== DATA PROVIDED ==
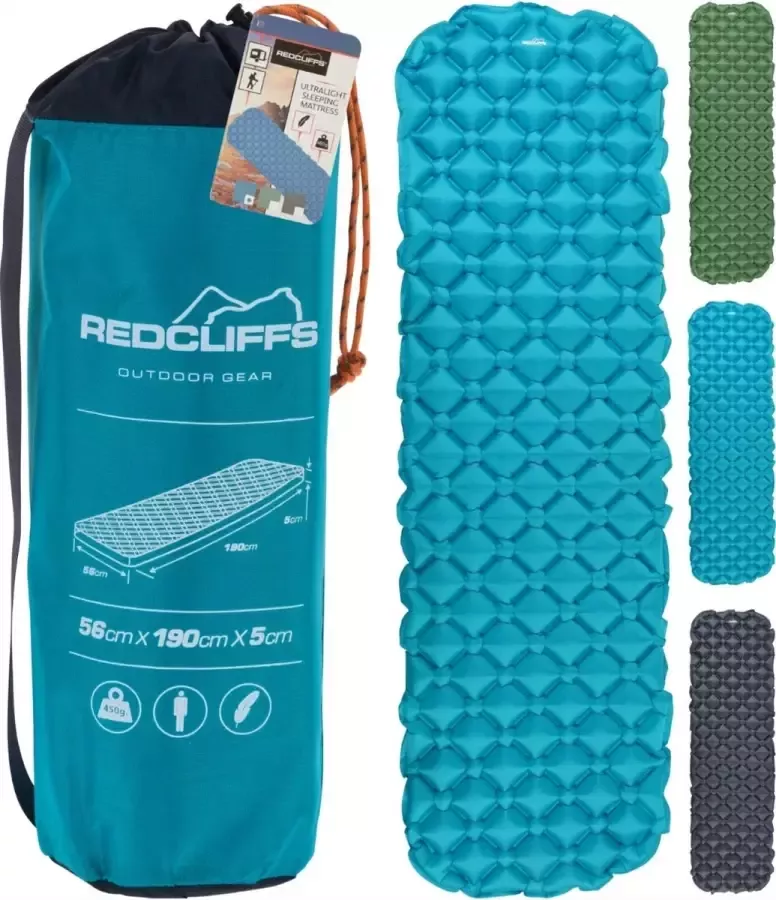 Redcliffs Ultra Light Matras Blauw 190 x 58 x 5 cm Ultra Licht Matras Kamperen Camping Matras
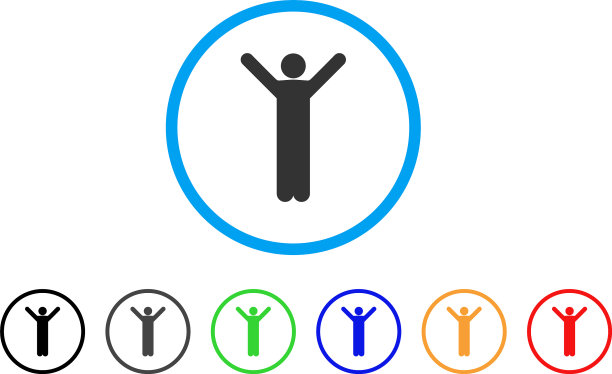 快乐的人圆形图标图片下载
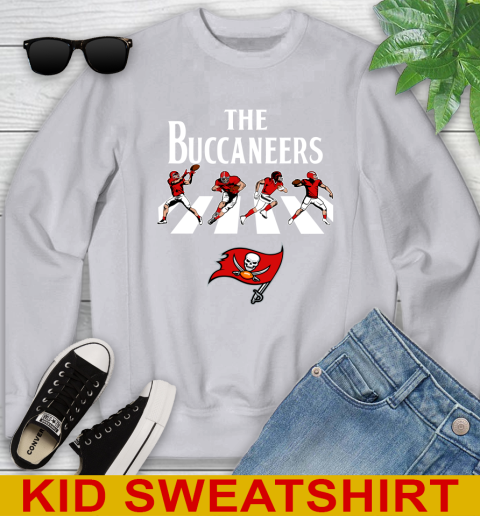 NFL Football Tampa Bay Buccaneers The Beatles Rock Band Shirt Youth Sweatshirt 3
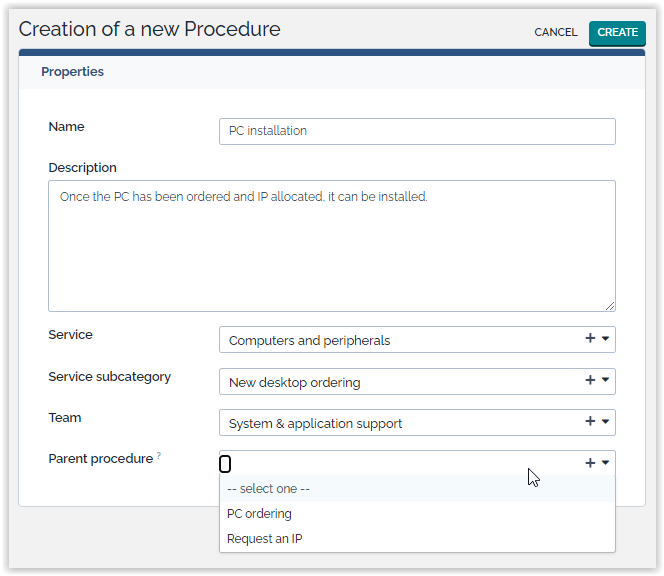  Create a procedure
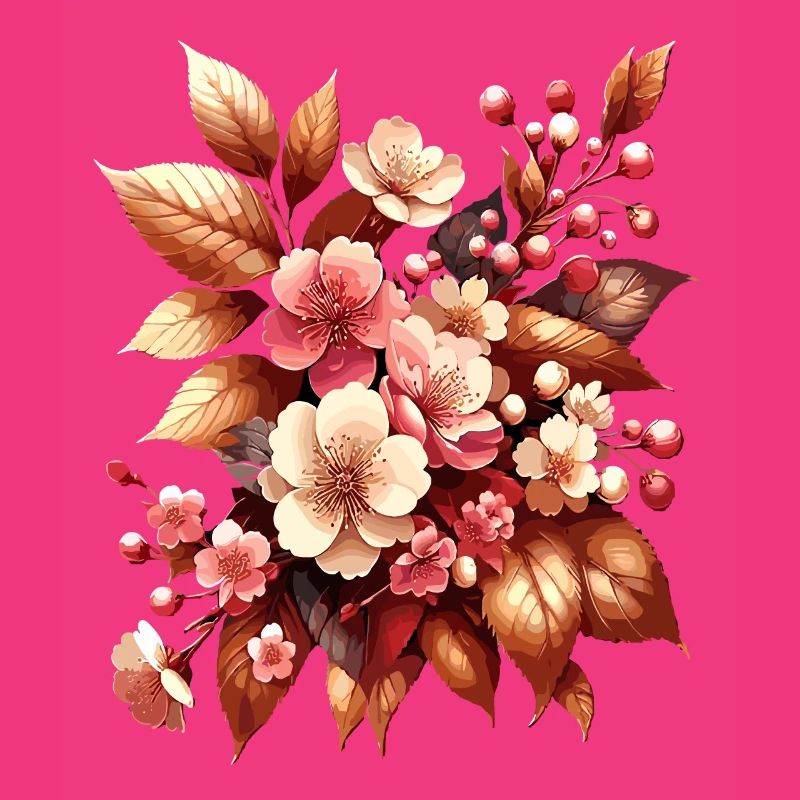 Boho Blumenstrauß Herbstblütenzauber
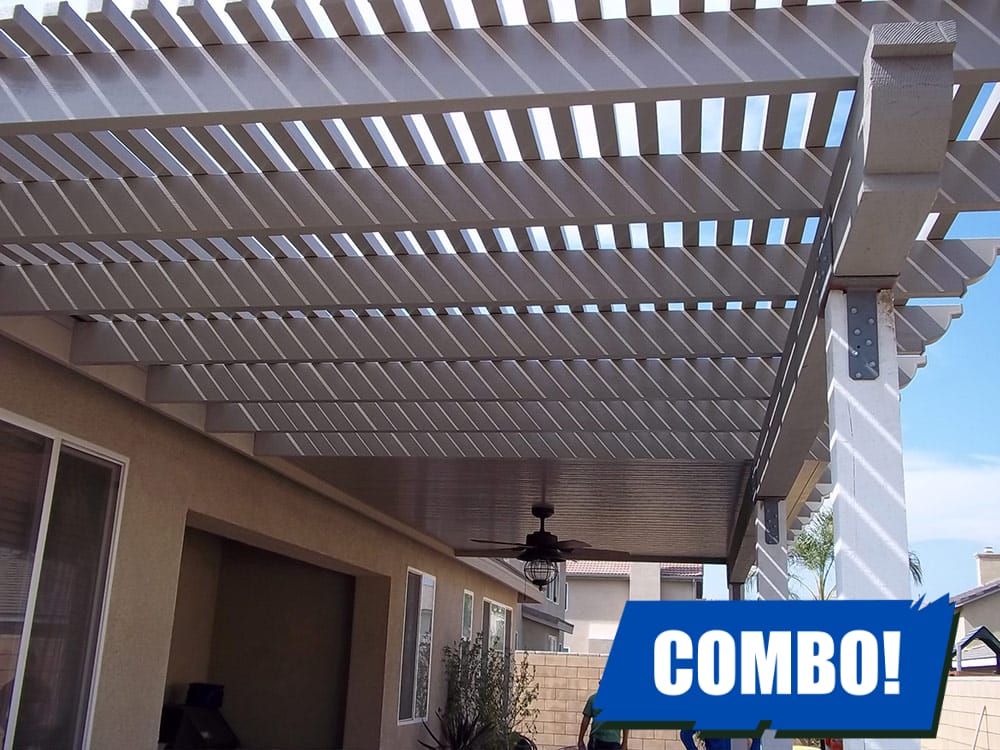 Insulated Roof patio cover example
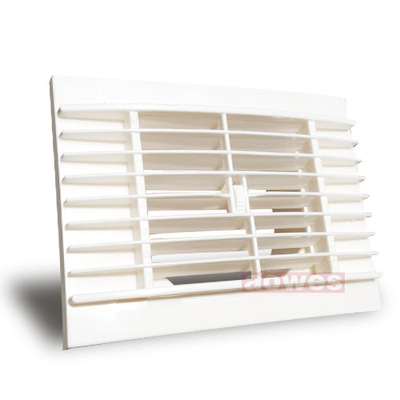新风系统/通风换气风口/墙式进风器可调节栅栏隔栅百叶面罩/面板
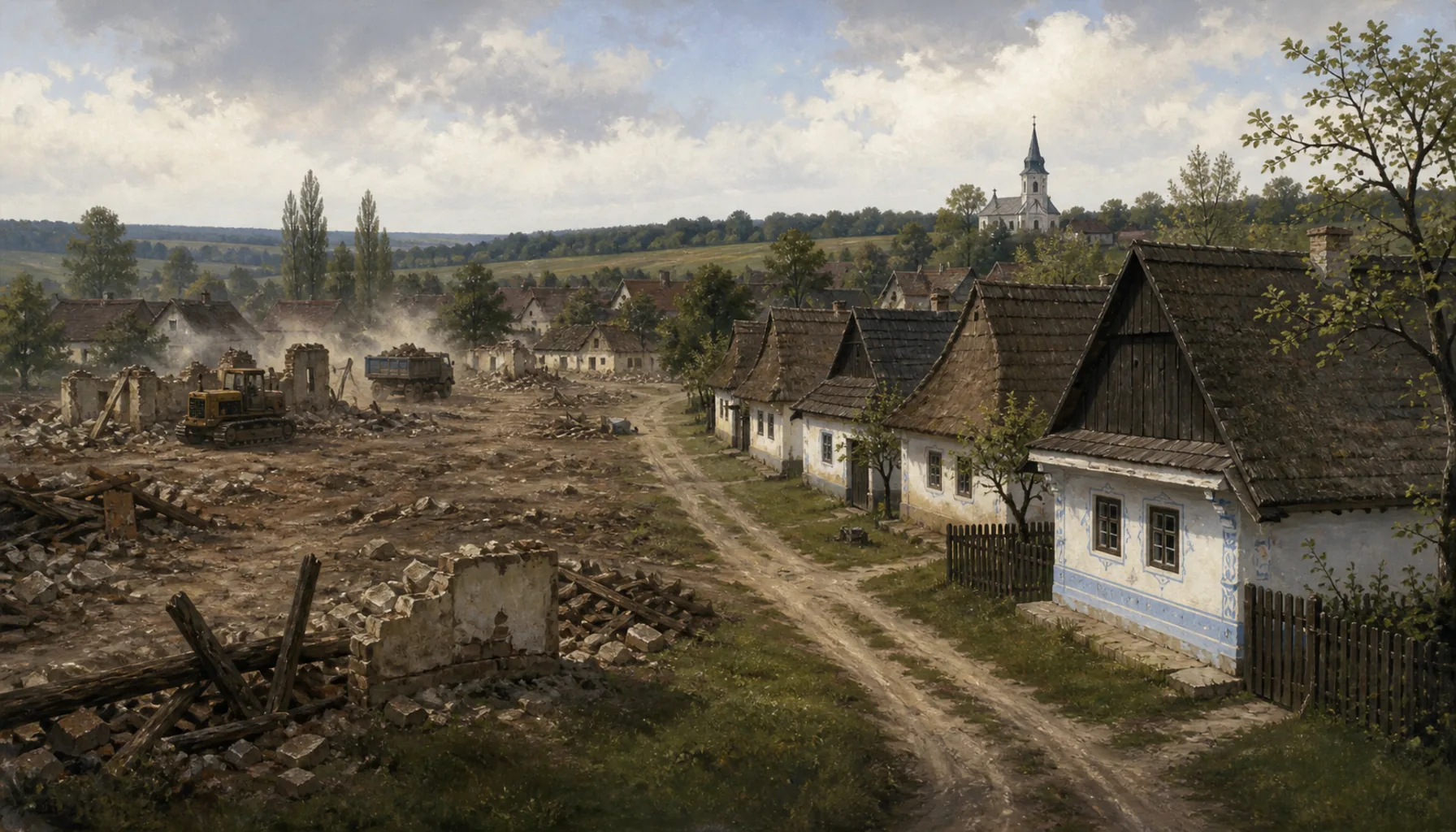 One settlement cleared, another declared a monument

== WHAT THE EXERCISE ASKS ==
Would you please write out exactly the lines between the line containing "Create a procedure" and the last line of the listing above, inclusive, without pictures?

== ANSWER SPACE ==
  Create a procedure
 Boho Blumenstrauß Herbstblütenzauber
 Insulated Roof patio cover example
新风系统/通风换气风口/墙式进风器可调节栅栏隔栅百叶面罩/面板
 One settlement cleared, another declared a monument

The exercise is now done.